- Opening Delimiter -

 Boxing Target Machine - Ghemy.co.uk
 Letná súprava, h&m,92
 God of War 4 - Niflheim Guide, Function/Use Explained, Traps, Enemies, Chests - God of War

- Closing Delimiter -
- Opening Delimiter -

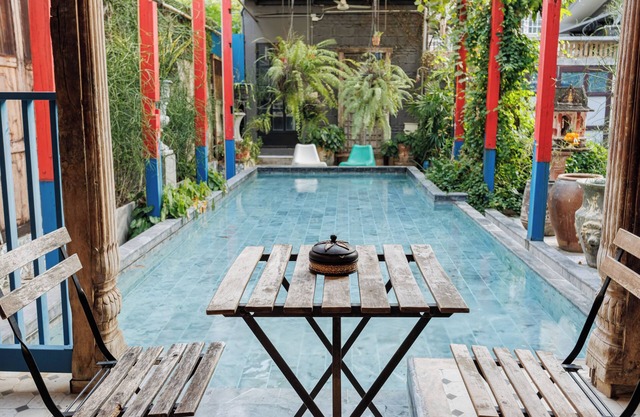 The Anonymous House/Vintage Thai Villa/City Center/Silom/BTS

- Closing Delimiter -

In the listing above, locate the line with "Letná súprava, h&m,92" and the line with "God of War 4", then extract exactly those lines and every line between them, and nothing more.

 Letná súprava, h&m,92
 God of War 4 - Niflheim Guide, Function/Use Explained, Traps, Enemies, Chests - God of War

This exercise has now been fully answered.